The first 9 months of 2014 has seen more than 1.13m cars produced in British factories – a figure which is up 0.6% on 2013. And, despite a dip in production in the month of September, this is still the strongest growth that the UKs car manufacturing industry has seen in 6 years.
According to the Society of Motor Manufacturers and Traders (SMMT), not only is the rise up 0.6% on the previous year, but the best performance over the time period since 2008.
This also runs alongside the news this year that new car sales in the UK were at a 10-year high in the month of September 2014. The SMMT said at the time that the strong September sales were due to the growing confidence in the economic recovery.
Car sales reached a high of 425,861 in September 2014, which was an increase of 5.6% when compared to the same time period last year and was being celebrated as the 31st consecutive monthly increase.
These sales figures were up on the same period in 2013 by 9.1% with September showing particular growth due to the new registration plate.
The SMMT chief executive Mike Hawes said at the time that “”September’s strong performance underlined the continuing robustness of the UK new car market, particularly in the context of last September’s bumper volumes.
“Demand for the new 64-plate has been boosted by intensifying confidence in the UK economy, with consumers attracted by a wide range of exciting, increasingly fuel-efficient, new cars.”
Despite the good news that car manufacturing has seen a rise so far in 2014, September actually saw a 2.8% fall in September compared with a year earlier. So what, with supply and demand and the sales increasing in September could be the cause of this dip in manufacturing?
The SMMT says the reason for the September output figures lies in the preparation for model changes – this meant that factories had to prepare with the re-tooling of production lines.
However, the fall also coincided with a dip in the UK’s main trading partner, the Eurozone. Of the 137,068 cars made, cars built for export stood at 102,947, which was down 8.1% on the previous year.

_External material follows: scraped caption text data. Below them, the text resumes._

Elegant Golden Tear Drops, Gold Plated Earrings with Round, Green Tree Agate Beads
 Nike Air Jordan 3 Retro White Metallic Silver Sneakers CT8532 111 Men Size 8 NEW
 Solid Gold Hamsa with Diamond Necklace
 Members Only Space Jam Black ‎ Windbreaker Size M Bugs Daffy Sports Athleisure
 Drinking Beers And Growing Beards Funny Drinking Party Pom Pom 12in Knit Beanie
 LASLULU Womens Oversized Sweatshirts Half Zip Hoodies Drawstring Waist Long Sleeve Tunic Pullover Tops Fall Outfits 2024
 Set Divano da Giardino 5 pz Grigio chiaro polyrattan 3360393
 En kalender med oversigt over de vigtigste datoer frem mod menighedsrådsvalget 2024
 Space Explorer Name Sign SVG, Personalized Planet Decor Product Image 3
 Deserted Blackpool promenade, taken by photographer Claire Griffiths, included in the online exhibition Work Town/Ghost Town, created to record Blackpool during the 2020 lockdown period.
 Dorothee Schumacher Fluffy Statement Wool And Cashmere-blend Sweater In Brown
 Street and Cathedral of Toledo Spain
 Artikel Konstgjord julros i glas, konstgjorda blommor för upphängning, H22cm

Cars made for UK buyers stood at 34,121 – a figure up 17.7% perfectly reflecting the domestic demand for new cars.
On speaking about the new figures regarding UK car manufacturing, Mike Hawes explained, “The continued investment by the sector into new models means the September figures took a slight dip as some plants underwent re-tooling but it is these same new models which will help increase production volumes in the future.”